Lorsque je suis arrivé pour la première fois à Potosi, Bolivie, j’ai été choqué de ne pas en connaître l’histoire, pourtant tellement liée à la notre, en Europe. Potosi et sa montagne d’argent qui a rempli pendant des siècles les caisses des Etats européens, mais qui a anéanti aussi. Celle qui fut la plus grande mine d’argent du monde a englouti des millions d’hommes, femmes et enfants entre les éboulements, la silicose et l’exploitation impitoyable des Indiens Quechua, Aymara et des esclaves noirs qui extrayaient le précieux minerai dans des conditions effroyables, à près de 4500 mètres d’altitude. Outre les travaux forcés, ces derniers subirent le rude climat de ce pays accrochée à la Cordillère Orientale des Andes. Devant l’hécatombe, les colons espagnols les envoyèrent au nord de la Bolivie, dans les Yungas, région humide et chaude aux collines verdoyantes, pour y cultiver la coca, si utile à ceux restés sur place. Mieux acclimatés, les Indigènes furent réquisitionnés pour l’oeuvre destructrice des Conquistadores. Les mineurs connaissent tous cette histoire, celles de leurs pères, de leurs ancêtres.
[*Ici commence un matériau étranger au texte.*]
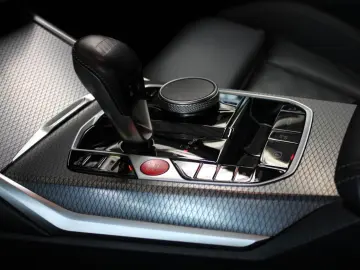 BMW M4 CABRIO XDRIVE #COMPETITION #CURVED #HIFI #20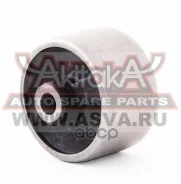 ����������� ��������17 0201J32B Akitaka 0201J32B ����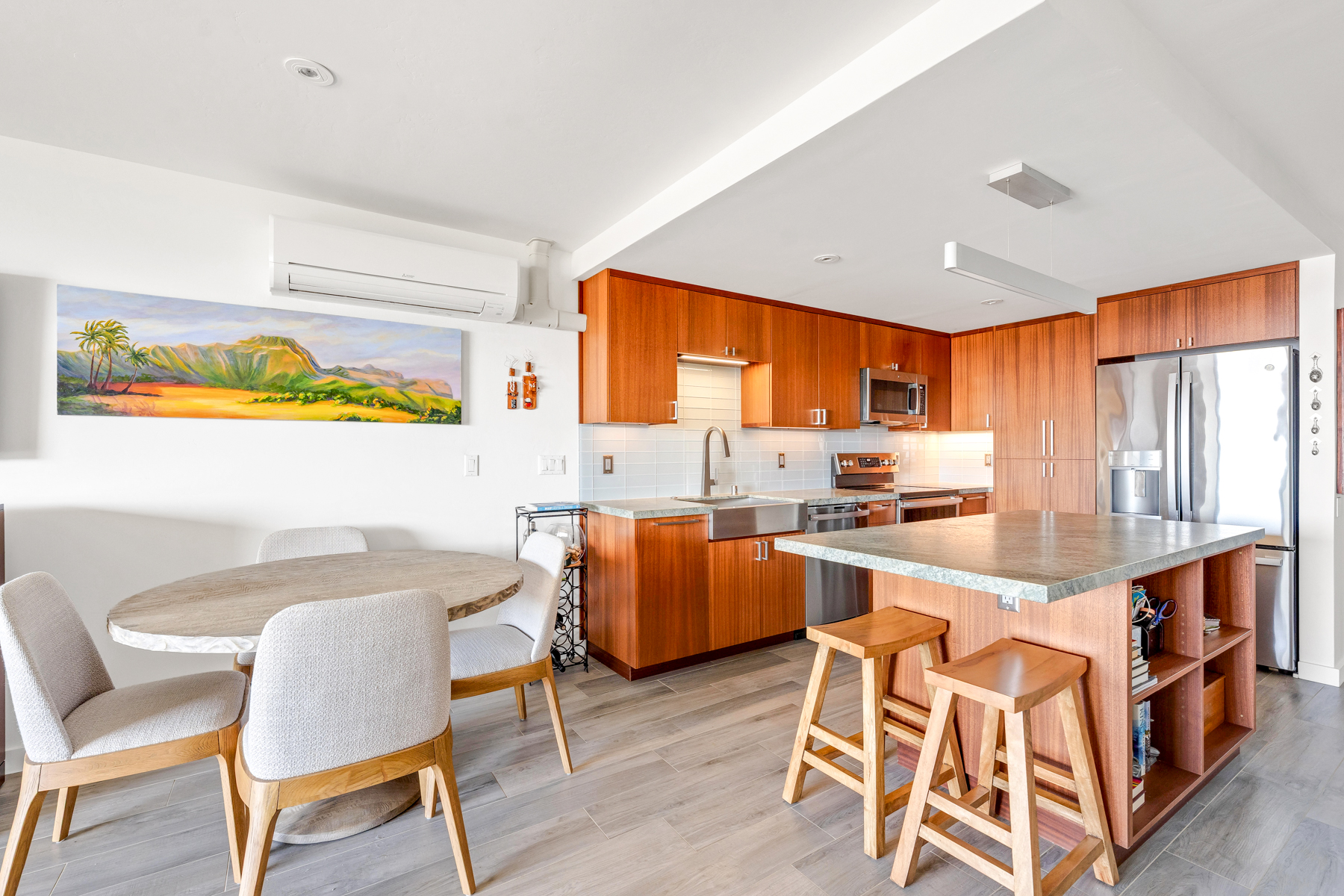 1661 Pee Road, Unit 2307 Koloa, HI 96756 - Photo 7 of 22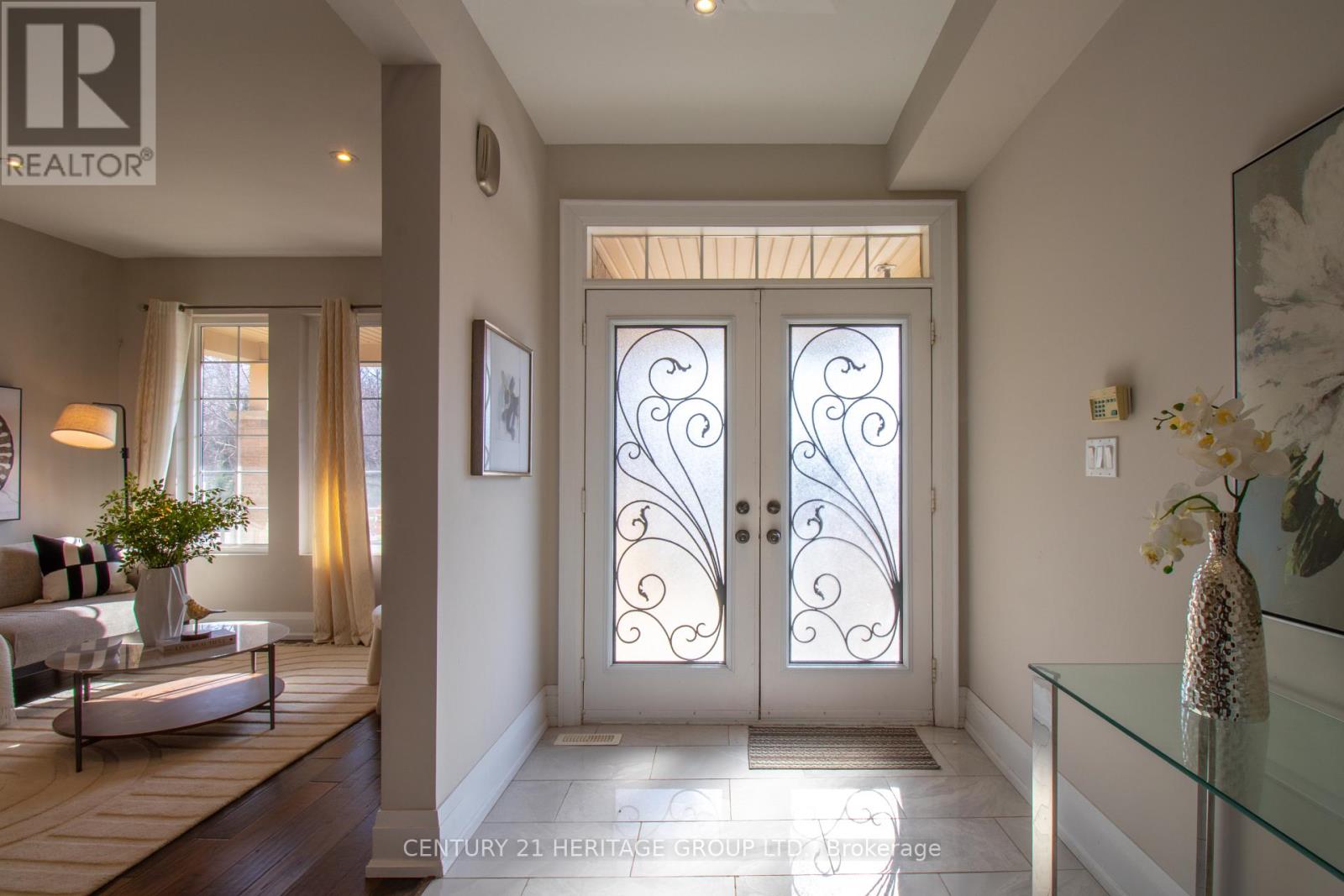 23 Kingshill Road, Richmond Hill (Oak Ridges), Ontario  L4E 4B1 - Photo 7 - N12080026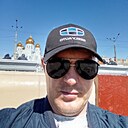 Виталий, 37 лет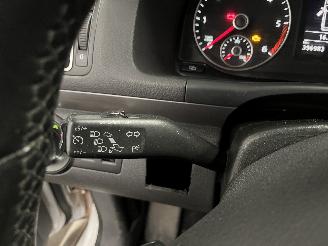 Volkswagen Touran Touran (1T3) MPV 2.0 TDI 16V 140 (CFHC) [103kW]  (05-2010/05-2015) picture 21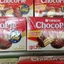 Bánh Chocopie Orion Phiên Bản Giới Hạn -- 16 cái ( 580,8g ) thêm 10% khối lượng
Ils la portent en eux, cette tragédie qui les rend fiers et déterminés.
Aujourd’hui, les filons sont beaucoup moins prolifiques que jadis, mais les mineurs entrent toujours au péril de leurs vies dans les centaines de bouches qui transpercent le Cerro rico, la “montagne qui dévore les hommes”, pour une poignée de bolivianos par semaine. Ils s’en remettent à chaque descente aux dieux protecteurs qu’ils honorent aussi lors des cérémonies sacrificielles très suivies, mais aussi à la coca, la petite feuille verte que l’on mastique pour tenir. Sans parler de l’alcool “puro”, 96°, qui fait des ravages. C’est que les forçats du sous-sol doivent affronter des conditions extrêmes. La température notamment, qui peut passer de 45 degrés dans les niveaux les plus bas à 5 degrés lorsqu’on se rapproche du sommet du Cerro Rico. Le travail en lui-même effectué le plus souvent à l’aide d’outils rudimentaires. “Nos mains restent notre force principale“, explique José Mamani, manoeuvre de 28 ans.
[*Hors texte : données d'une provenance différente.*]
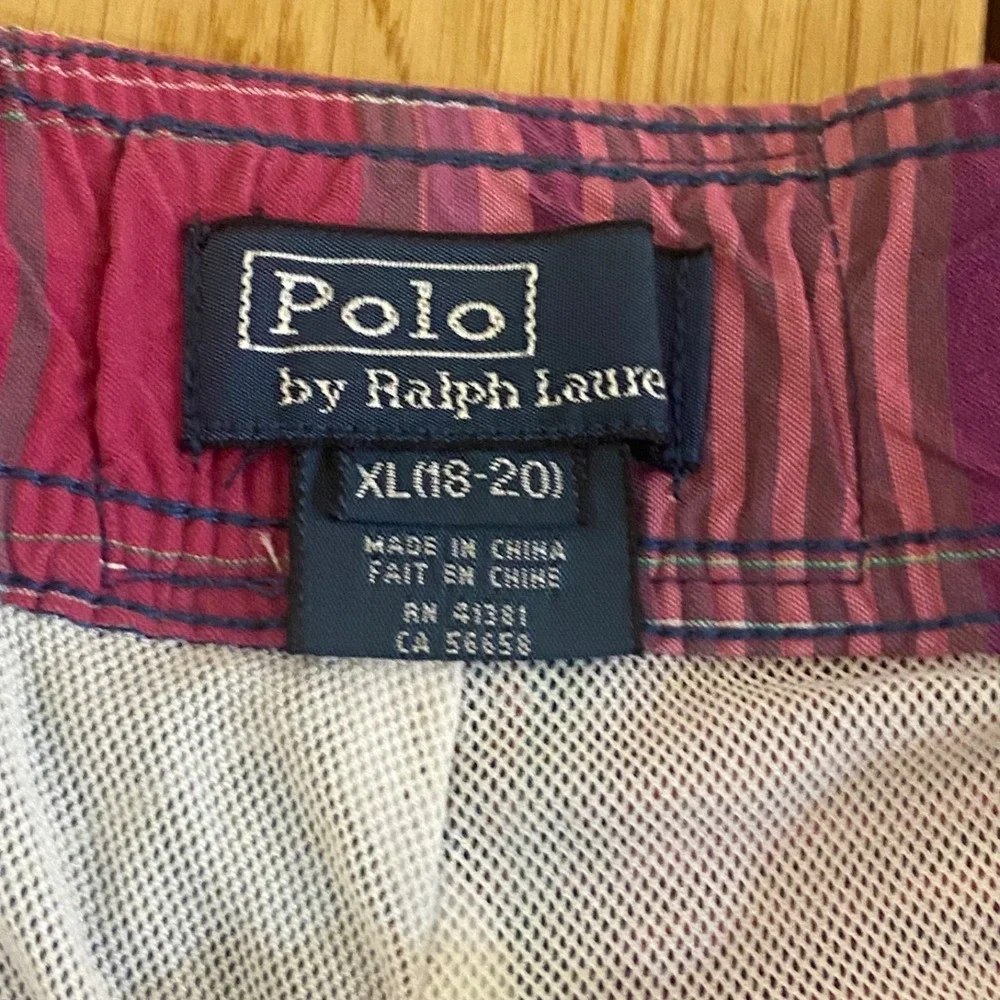 Polo Ralph Lauren polo ralph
Il ne s’agit pas dans cette série de montrer leurs conditions de travail, dignes d’un autre âge, (ceci a fait l’objet d’une autre série de ma part, en 24x36 Noir et Blanc), mais de montrer les hommes, jeunes et moins jeunes qui se relayent dans les boyaux qui crèvent le Cerro. En m’attachant à certaines individualités qui composent cette famille des Mineros, Miguel, Eduardo, Donato, Brindis et tous les autres, c’est une sorte d’hommage que je propose.
Pour tous ces hommes, la plupart du temps esclaves, morts dans les siècles passés pour la grandeur des pays européens. Car cette ville fit la fortune de l’Europe. Pendant plusieurs décennies, la monnaie d’Espagne, alors rattachée au royaume de Charles-Quint, était directement frappée à Potosi, ville impériale, pour financer les guerres qui ont ravagé le Vieux Continent, aux XVIe et XVIIe siècles. Et sur place, on prétend que les fers des chevaux des carrosses étaient en argent. A côté de l’opulence, la misère des mineurs.
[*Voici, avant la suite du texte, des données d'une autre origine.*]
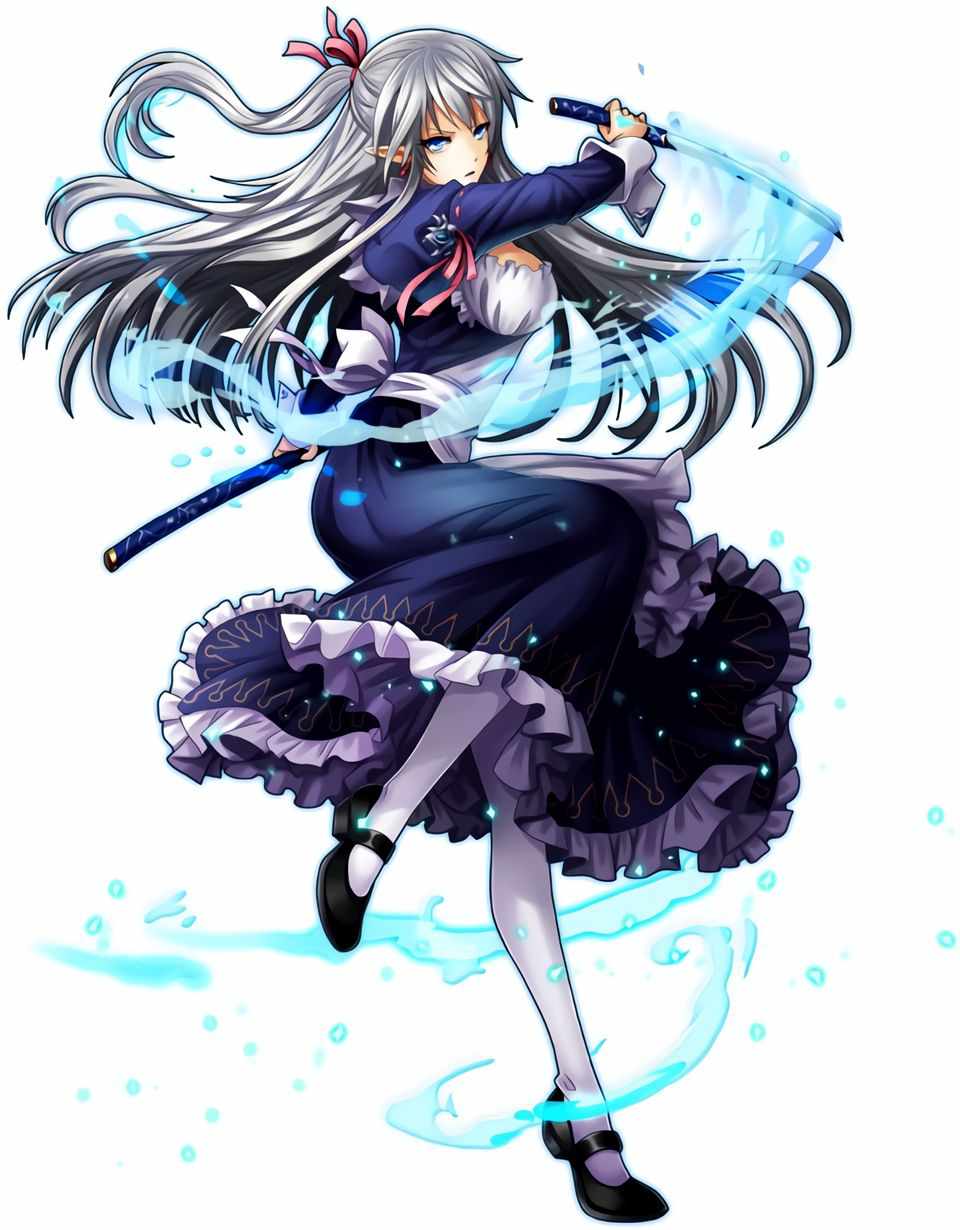 25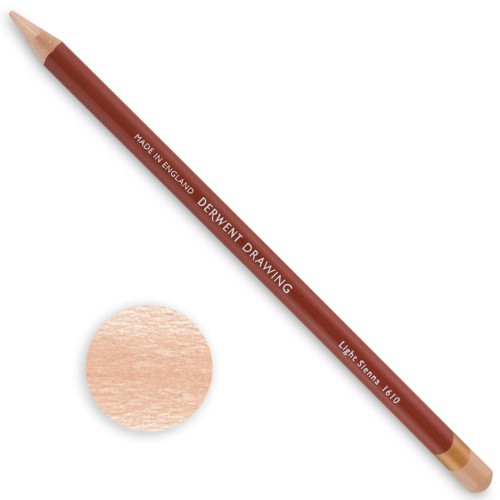Light Sienna 1610 kredka i kolor.jpg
Pour eux, qui aujourd’hui s’y épuisent et se tuent à la tâche dans l’espoir que le Tio, sorte de diable protecteur antithèse de la Patchamama, la Terre mère, leur apporte la richesse. En se gavant de feuilles de coca et d’alcool pour tenir et pouvoir travailler le plus possible.
Pour ces hommes qui pendant leurs courtes vies inhalent les poussières mortelles, et l’arsenic qui transpirent des parois, pour quelques poignées de zinc ou d’argent pour les plus chanceux. Minerais qui seront revendus non raffinés, pour presque rien, aux compagnies occidentales qui le transformeront et le commercialiseront. La boucle est bouclée, et Potosi, toujours spoliée.
Cette série de photographies a été réalisée in situ entre 2005 et 2007 dans les mines Negra, Robertito Compotosi, Candelaria et San Miguel à Potosi, en 6x6, à la seule lumière de la lampe frontale, électrique ou à acétylène.